For this, I think the proper resolution is to reframe the discussion to clarify the context of prior-day nowcast model versus hybrid now-cast modeling. The approach to our paper was (1) point-out that all predictive models use a combination of weather/hydrometerorological data and prior day lab tests (2) propose a new model form using qPCR and inter-beach correlations and (3) compare the model performance using hybrid model versus prior-day model at Chicago's beaches.

Here are some ideas for a reworked discussion section

Models attempting to forecast FIB levels in beaches have essentially used the same functional form. Lab data from the previous day is combined with various predictors in order to attempt to predict whether FIB levels will exceed the suggested thresholds. Innovations have occurred by finding novel ways to collect the predictors, such as hydrometerological sensors, that improve accuracy and save time. Likewise, more sophisticated algorithms, such as machine learning and genetic algorithms, have been used to improve performance.

Yet, the concept of these models still remain the same by relying on prior-day laboratory results, which we've dubbed the "prior-day nowcast model". Evidence suggests that the contributors to creating FIB do not persist from day-to-day (citations).
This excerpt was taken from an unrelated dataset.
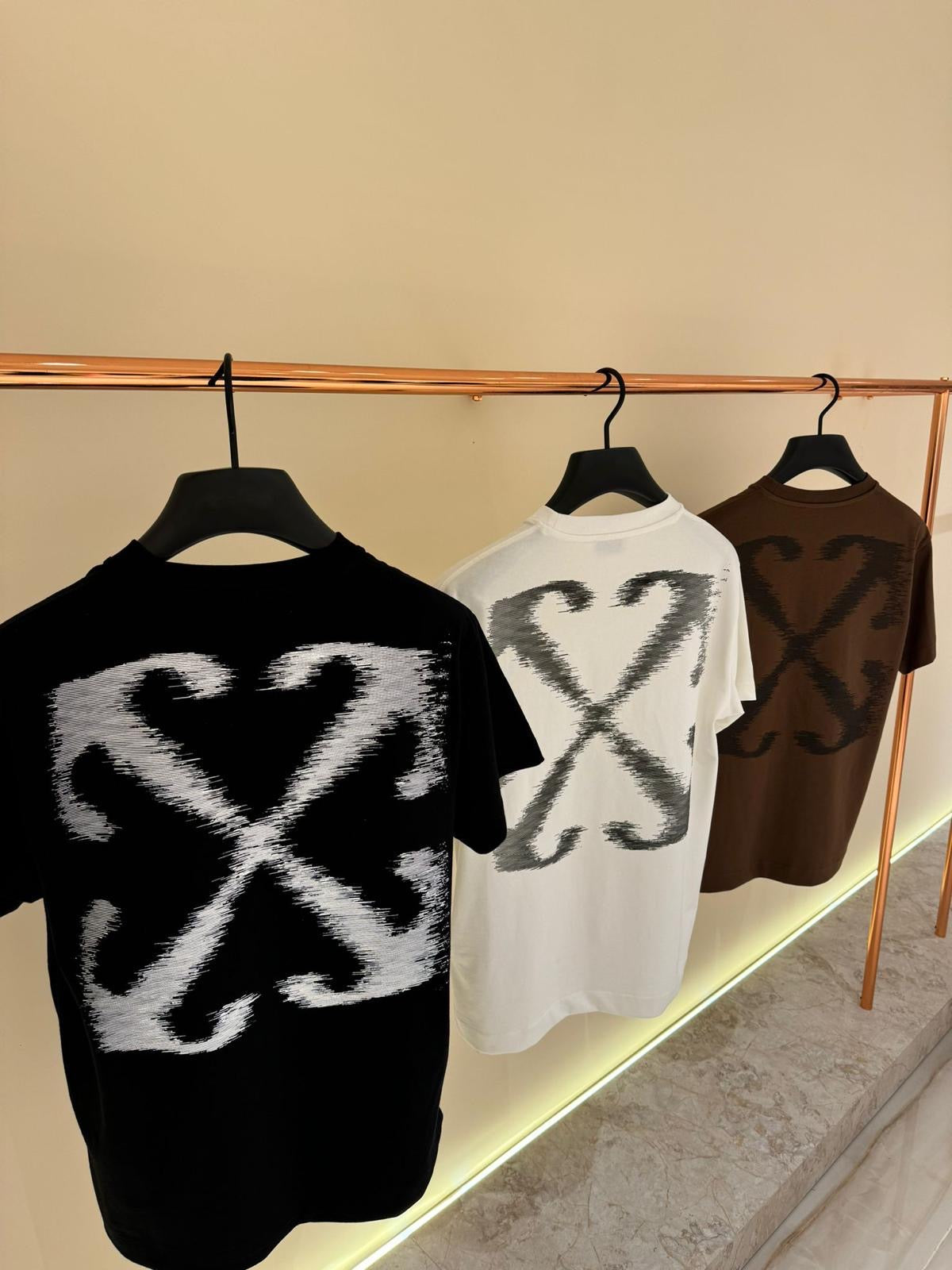 OFF-WHITE T-shirt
That can explain why many attempts to predict FIB levels in beaches are relatively low. Despite improvements to analytical models, those models are still dependent on day-old FIB data.
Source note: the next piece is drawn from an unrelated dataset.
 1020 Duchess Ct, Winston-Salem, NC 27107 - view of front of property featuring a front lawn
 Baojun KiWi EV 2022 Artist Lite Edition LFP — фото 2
Previous research has found that FIB levels in Chicago's beaches are highly correlated (citation) and Chicago beaches rarely encounter consecutive days of elevated FIB levels. At the same time, qPCR testing has become more widely used, but is still expensive. Because qPCR testing provides immediate results, we proposed the hybrid nowcast model to use limited qPCR data to predict FIB levels in other beaches.

Hyrbrid nowcast model removes the dependency on day-old FIB information that is commonly used in other models. This approach more closely resembles a "missing data" problem, where we are attempting to "fill-in" the missing values (beaches without qPCR testing). For beach networks that are highly correlated, like Chicago's, hybrid nowcasting was able to increase model sensitivity without increase the rate of false positives.

Hybrid modeling uses a different approach. By identifying "clusters" of beaches, we exploit the inter-beach correlation to formulate a prediction. While this model used a random forest, the analytical model could be adjusted to use other approaches, such as genetic algorithms. Likewise, we clustered beaches using a basic k-means algorithm, but other methods can also be used. In either case, it seems that a significant improvement comes from shifting away from prior-day lab results.

Second, the selected qPCR testing was tactically chosen for beaches with higher rates of exceeding acceptable FIB levels. This helps reduce the variance needed to be explained by the model...

nicklucius commented 6 years ago

This is great!

I'll add that qPCR was also chosen for beaches known in prior literature and/or found in our own study to have little predictive value, likely due to idiosyncratic geographical features. These beaches had higher rates of exceedances, which provided another tactical benefit. And by isolating beaches whose individual characteristics tend to contribute to outlier FIB levels, we were able to build a model excluding those beaches and only including beaches whose FIB levels tend toward the regional mean.